Aresztowanie potwierdziły lokalne media. Pakistańczyka, przy którym znaleziono substancje łatwopalne zatrzymano niedaleko bazy wojskowej na leżącej na Morzu Jońskim wyspie Korfu (starożytna Kerkyra). W pobliżu jest tez obóz dla imigrantów, a w całej okolicy miasteczka Perama mnóstwo ich koczowisk.Aresztowanie potwierdza to co na konferencji prasowej mówił minister ds. porządku publicznego Nikos Toskas. Mówił on, że zdjęcia satelitarne i dochodzenia wskazują, iż w całej niemal Grecji dochodziło do podpaleń.
Tezy te znajdują też potwierdzenie we wcześniejszych wydarzeniach. Wywołane podpaleniami pożary wybuchały już w okolicy Morii na wyspie Lesbos gdzie mieszczą się obozy dla imigrantów.

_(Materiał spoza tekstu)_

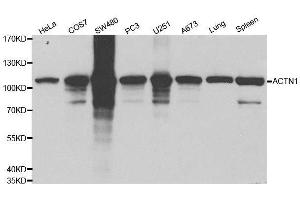Western blot analysis of extracts of various cell lines, using ACTN1 antibody. (ACTN1 抗体  (AA 1-330))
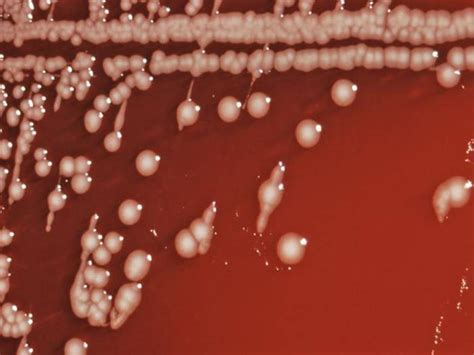 bacteriologia salmonella typhi
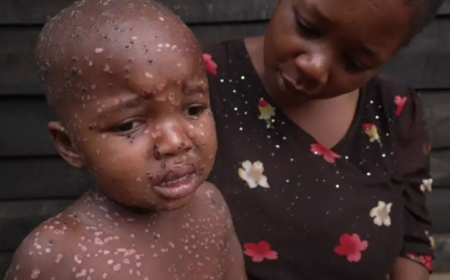 Maymun çiçeği vakalarının çoğu çocuk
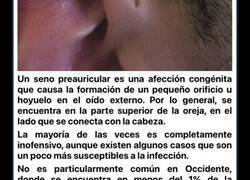 Enlace a Mutaciones genéticas poco comunes que sólo algunas personas pueden tener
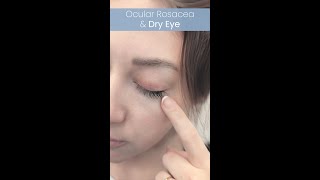 Ocular Rosacea amp Dry Eye [upl. by Ratib]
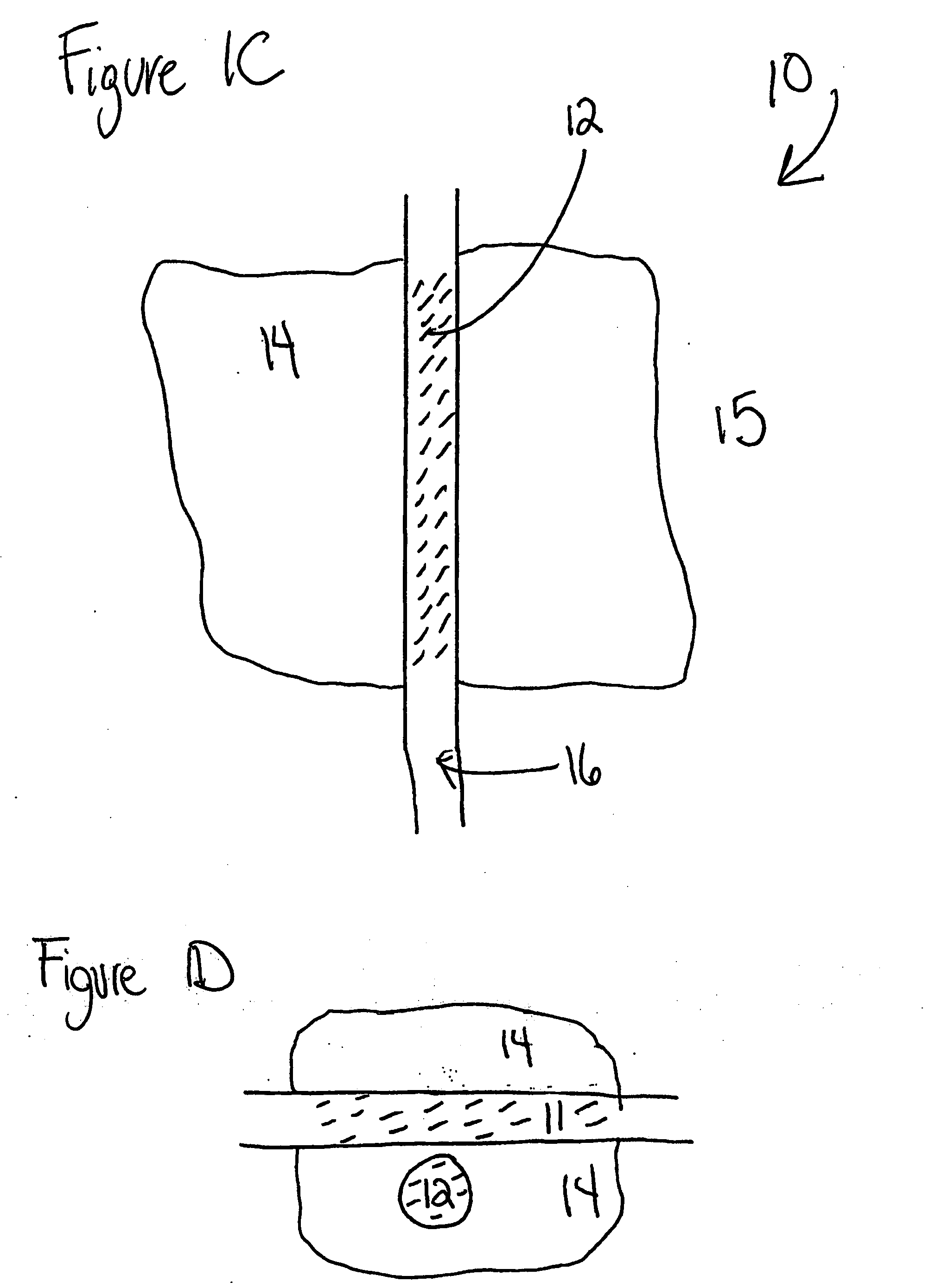 Aerobic and anaerobic waste management systems and methods for landfills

Już w ubiegłym roku media donosiły, iż ISIS wzywa terrorystów do podpaleń. To ma być przemyślana taktyka w prowadzeniu wojny.
W styczniu 2017 roku ISIS opublikował instrukcję dla swych terrorystów pt „Rumiyah” , czyli „Rzym”, co ma nawiązywać do muzułmańskiej przepowiedni o upadku Wiecznego Miasta i ostatecznym pokonaniu chrześcijaństwa. ISIS powoływał się na przykłady z Izraela, gdzie podpalane są żydowskie osiedla i uprawy.
W tym roku w Izraelu odnotowywano pożary wywołane przez puszczone przez Palestyńczyków balony z materiałami zapalającymi i łatwopalnymi.
Pożary jakie szaleją w Grecji pochłonęły już ponad 80 osób. Zginęło w nich m.in dwoje spędzających w Grecji wakacje Polaków – matka i syn.